Over the past four years, EQC has steadily increased its reinsurance purchases in response to the growing number of natural hazards affecting New Zealand.

Reinsurance, or insurance for insurers, transfers risk to another company to reduce the likelihood of large payouts for a claim.

Established under the Earthquake Commission Act 1993, EQC is a Crown entity that provides insurance to residential property owners and invests in natural disaster research and education.

 In 2019 and 2020, EQC secured $6.2 billion in reinsurance. This figure rose to nearly $7 billion in 2021 and $7.2 billion in 2022.

Last year in 2023, EQC announced it had secured $8.2 billion in reinsurance cover, with its reinsurance portfolio now also including $225 million in catastrophe bonds

For the 2024 financial year, EQC announced on Wednesday that it has secured $9.2 billion in reinsurance.

Chief Executive Tina Mitchell told the $9.2 billion secured was at the “upper end” of the range of the reinsurance capacity sought.

She said the “continued growth” of EQC’s reinsurance programme demonstrates the confidence the international reinsurance market has in EQC’s national insurance scheme.

“Once again, we have been really well supported by our reinsurance partners, with many substantially increasing the amount of capital they have committed to the programme.”

The increased reinsurance interest included existing partners offering more as well as offers from new and returning markets.

When asked what reasons new reinsurers were giving for wanting to support EQC’s reinsurance scheme, Mitchell noted there was a “range”.

“One reason often cited is that New Zealand provides a diversifying risk for a number of reinsurers and helps to balance a global book of risk,” she said.

Mitchell added it was “heartening” to see new, well-rated reinsurers have the confidence to put capital at risk after reviewing EQC's information and loss models.

“The increased capacity demonstrates the ongoing confidence that our reinsurance partners have in the EQC Scheme, which includes our ongoing commitment to research, resilience and risk reduction.”

Vote of confidence

Mitchell said EQC saw the reinsurance interest as a “huge vote of confidence” in NZ and EQC’s approach to natural hazard risks.

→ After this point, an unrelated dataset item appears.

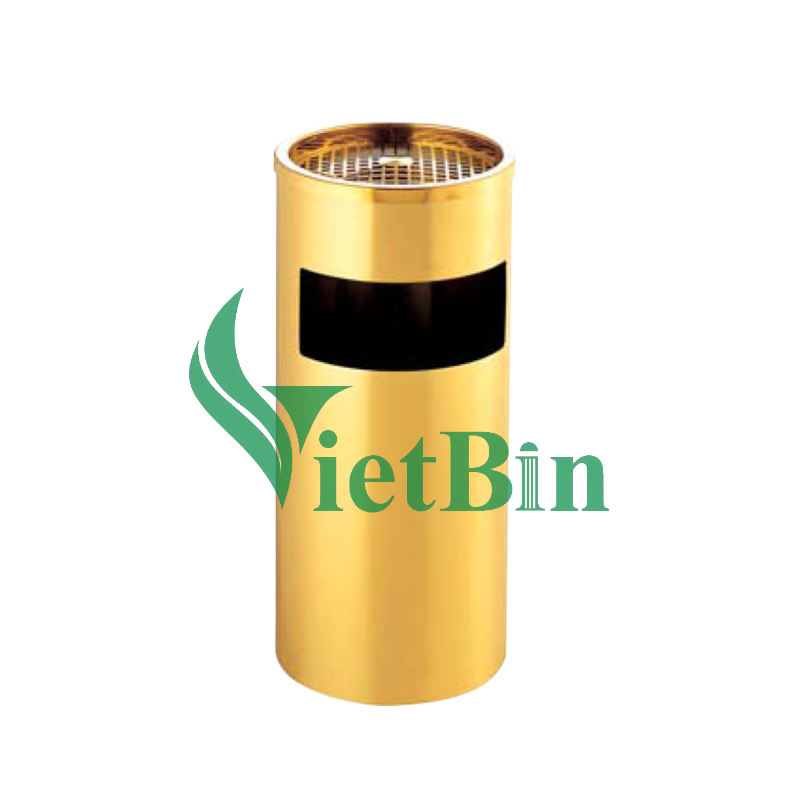 Thùng đựng rác inox có gạt tàn thuốc lá Vietbin A35-A màu vàng cao cấp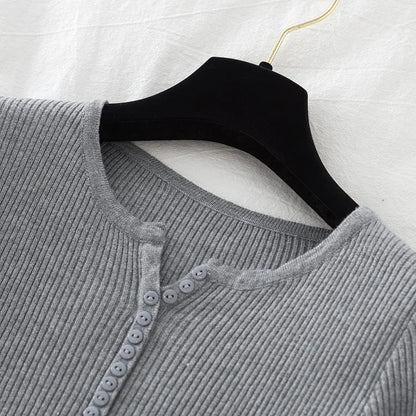 2026 weibliche Casual Tops Pullover Frauen Herbst Winter Gestrickte Dünne Pullover Feste Taste Volle Hülse V-ausschnitt Pullover.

“Most of the time the EQC scheme is able to cover events, even the bigger events like Cyclone Gabrielle, through levies, but reinsurance protects New Zealand from any future devastating events and helps to ensure we will be able to pay claims when they fall due.”

An EQCover premium, or levy, is collected by private insurers and is then paid into the Natural Disaster Fund (NDF)  and the Crown Guarantee – both of which are managed by EQC.

The EQCover premium is 16 cents per $100 of the EQCover amount, up to a maximum amount of $480.

EQC claims reinsurance only for events causing over $2.1 billion in damage and this has only happened twice, following the Canterbury earthquakes in September 2010 and February 2011, which generated about half a million claims costing an estimated $12 billion.

Mitchell said some of the EQC levy is used to buy reinsurance and this approach keeps the scheme affordable for homeowners – while also shielding the Crown from financial risks during major events.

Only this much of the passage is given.